PARIS — Like many global companies, Mondelez International, Inc. is dealing with varying degrees of uncertainty in terms of consumer demand.

In a June 14 presentation as part of the Deutsche Bank dbAccess Global Consumer Conference, Luca Zaramella, executive vice president and chief financial officer at Mondelez, was asked by an analyst to rank the relative concerns for the Chicago-based company.

At the top of the list, he said, is the European consumer.

“At this stage, I would probably see Europe as the more doubtful consumer situation, driven by the fact that we will see the inflation, driven by the fact that historically the European consumer is a little bit more susceptible to negative feelings plus there is a whole issue of the war that is hanging as a cloud,” Mr. Zaramella said. “And the discussions with the retailers on pricing are always a little bit more difficult in Europe.”

Meanwhile, the situation in the United States has been a bit more of a surprise, he said.

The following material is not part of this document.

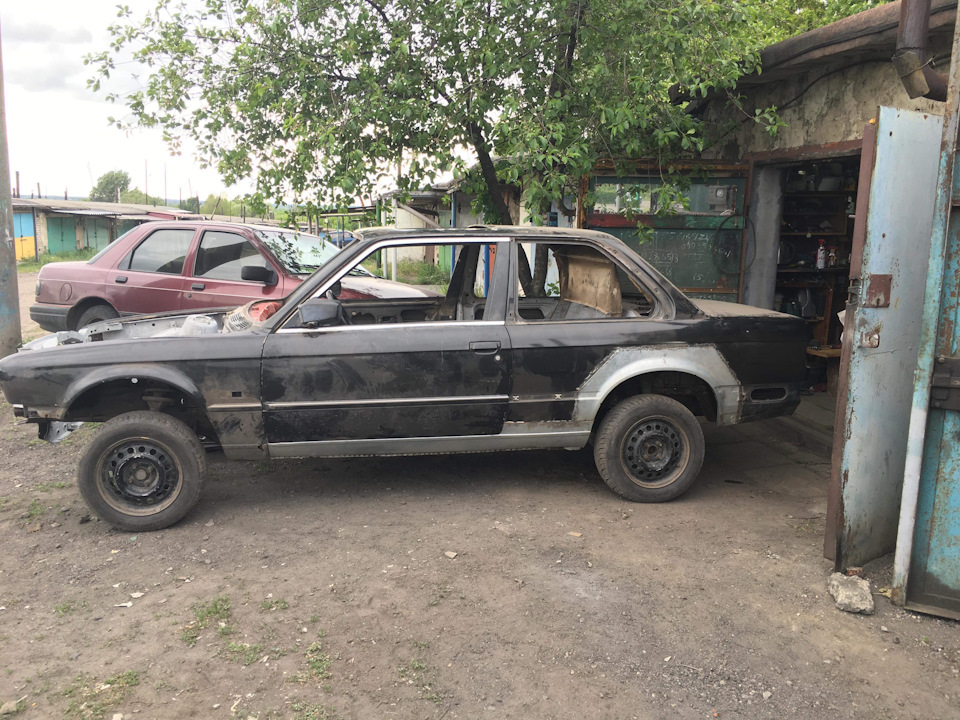 Rebild # закінчується 3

Mr. Zaramella said Mondelez has taken far more pricing action in the United States than in Europe, but up to this point the consumer reaction has been limited.

“So a lot of resiliency from the US consumer, I think, driven also by the fact that US consumers … (are) feeling pretty good as it relates to biscuits and chocolates,” he said.

Lastly, Mondelez’s emerging markets have been “a bit of an enigma,” Mr. Zaramella said, adding the company is seeing stronger growth than what it has seen in the past. He said the company has increased prices, particularly in Latin America, quite significantly, but volume growth has continued strong.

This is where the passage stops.